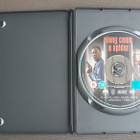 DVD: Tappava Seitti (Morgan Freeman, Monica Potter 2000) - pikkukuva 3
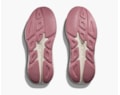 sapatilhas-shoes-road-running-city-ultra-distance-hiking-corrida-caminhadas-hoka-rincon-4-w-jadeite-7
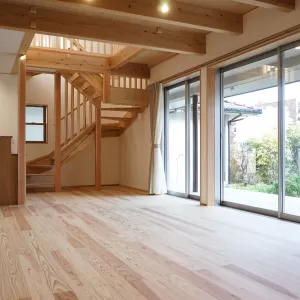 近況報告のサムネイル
* * *
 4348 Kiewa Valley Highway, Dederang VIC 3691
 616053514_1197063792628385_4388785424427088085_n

*EXERCISE DIRECTIONS*: Using the records above, copy word for word the line with "4348 Kiewa Valley Highway, Dederang VIC 3691", the line with "616053514_1197063792628385_4388785424427088085_n", and every line between them.

*COMPLETED EXERCISE*:
 4348 Kiewa Valley Highway, Dederang VIC 3691
 616053514_1197063792628385_4388785424427088085_n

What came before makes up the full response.